Quase 200 edifícios desabaram completamente nos terremotos, segundo números oficiais. Uma análise preliminar de dados de satélite, porém, indica que esse número pode ser muito maior.

Nas horas após os terremotos, vizinhos, familiares e voluntários correram para ajudar com picaretas e pás, mas seus esforços, que muitas vezes não foram suficientes, acabaram criticados pela presidente interina da Venezuela, Delcy Rodríguez.

Em entrevista coletiva na quinta-feira, Delcy elevou o tom ao falar do que chamou de “laboratórios midiáticos”, que, segundo ela, tentaram provocar o caos nas estradas de acesso a La Guaira. Isso porque, nos primeiros dias após a tragédia, milhares de motociclistas, caminhonetes, caminhões e voluntários seguiram para a região na tentativa de ajudar, diante do desespero dos moradores para encontrar sobreviventes.

— A primeira narrativa criada em laboratórios midiáticos foi: “desçam todos para La Guaira”, para provocar o caos, impedir as operações de busca e resgate… Nós sabemos quem são e de onde partiram essas principais narrativas — afirmou, atribuindo o caos inicial não à mobilização espontânea dos venezuelanos, mas a motivações políticas.

A solução encontrada para os congestionamentos foi restringir o acesso apenas a pessoas autorizadas, mas a circulação continuou difícil, sem que houvesse, por exemplo, uma faixa exclusiva para veículos de emergência, como ambulâncias e equipes de resgate.

— A primeira decisão daquele dia foi militarizar o estado de La Guaira, porque não podíamos permitir que laboratórios midiáticos inviabilizassem as operações de busca e resgate. Miseráveis. Os laboratórios midiáticos que respondem a interesses partidários e políticos são miseráveis — declarou, sem citar a quem se referia.

Balanço oficial

Na mesma entrevista, Delcy buscou destacar a rapidez com que as decisões foram tomadas, apresentando uma cronologia detalhada. Segundo ela, a coordenação internacional foi acionada apenas três horas após o terremoto, na madrugada de 24 de junho, e, às 2h33, ela já havia determinado a mobilização de todas as equipes de resgate disponíveis, “sem distinção”. Ela também afirmou ter decretado a criação de um Estado-Maior de Emergência “poucas horas após a ocorrência” e dado instruções para o uso de equipamentos.

— Fizemos tudo o que estava ao nosso alcance e continuaremos fazendo tudo o que estiver ao nosso alcance e mais — afirmou.

Questionada sobre a rapidez do envio das forças públicas, a escassez de agentes do Estado envolvidos nos resgates nas primeiras horas e a falta generalizada de recursos — de máquinas a canetas e papel para identificar os corpos —, ela sustentou que deu as ordens rapidamente e que o deslocamento de milhares de servidores públicos ocorreu de forma imediata. Delcy reconheceu, no entanto, que, em alguns locais, as equipes demoraram dois dias para chegar, atribuindo o atraso às estradas bloqueadas pelos próprios escombros.
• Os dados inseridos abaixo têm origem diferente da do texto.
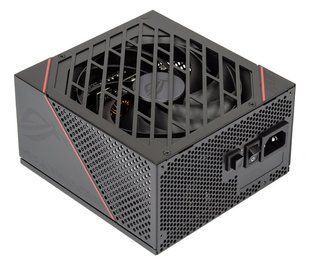 ASUS ROG-STRIX-750G блок живлення 750 Вт 20+4 pin ATX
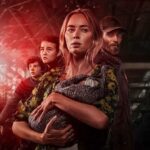 A Quiet Place 3 Release Date Confirmed for July 2027 with John Krasinski’s Triumphant Return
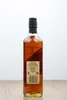 LOT No. 40 Canadian Rye Whisky 43%Vol Produktbild-Vorschau 7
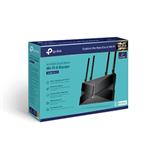 ROUTER WIFI ARCHER AX23 DUAL BAND GIGABIT TPLINK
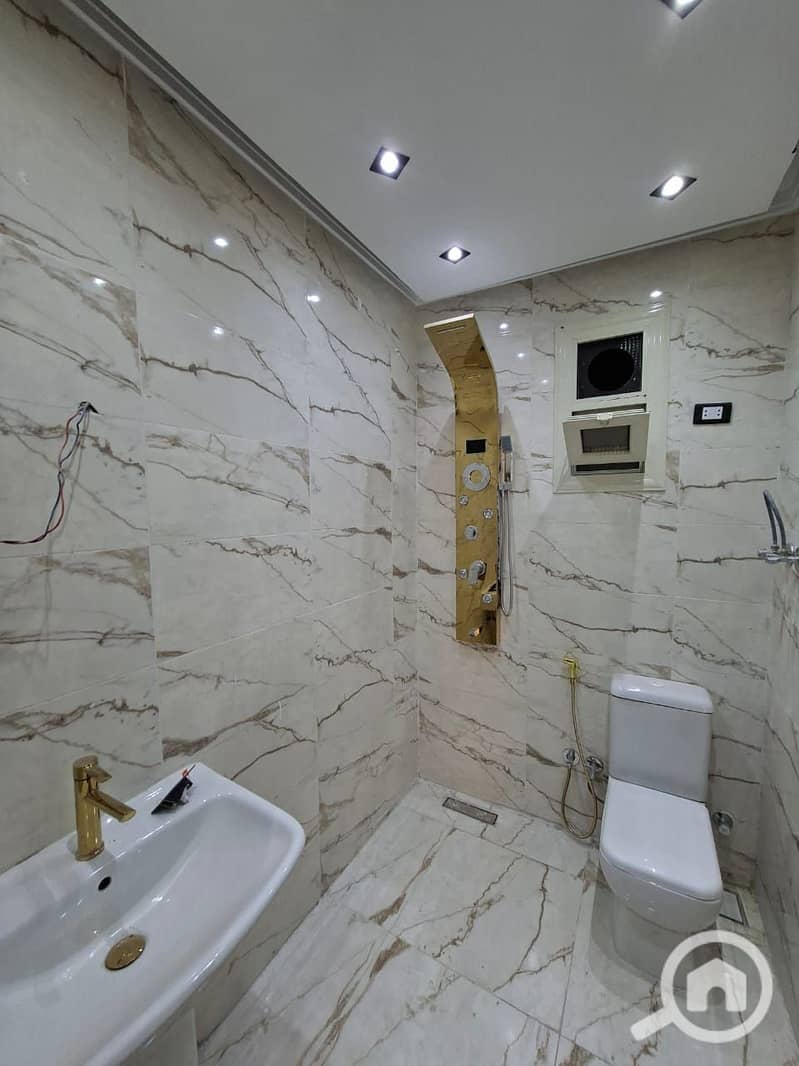 3 WhatsApp Image 2026-01-21 at 6.17. 07 AM (1). jpeg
Ainda assim, o tema voltou a ser abordado em outra das cinco perguntas permitidas durante a coletiva. Um jornalista afirmou que “poucos, ou ninguém”, compartilhavam da versão de que a resposta havia sido imediata, mencionou venezuelanos que se sentem “esquecidos” pelo governo e observou que os militares destacados eram vistos “com armas, e não com pás”. Mais uma vez, a presidente interina rejeitou a afirmação.

— Eu gosto de falar com dados. Também estive nos acampamentos e nos hospitais, onde recebi demonstrações de agradecimento — disse, antes de convidar o próprio jornalista a “ouvir as pessoas que estão agradecidas”.

Governo interino declarou a região do estado de La Guaira como ‘zona de desastre’

Perguntada sobre os necrotérios improvisados a céu aberto, a identificação dos corpos e a falta de espaço nos cemitérios, ela defendeu o rigor do governo na atualização do número oficial de mortos. E explicou que cada vítima passa por um processo de identificação por impressão digital ou, quando isso não é possível, por comparação odontológica forense, conduzida por uma equipe de médicos legistas em coordenação com o Serviço Nacional de Medicina e Ciências Forenses (Senamed), o Ministério Público e o Registro Civil.

— Ninguém vai para uma vala comum — concluiu.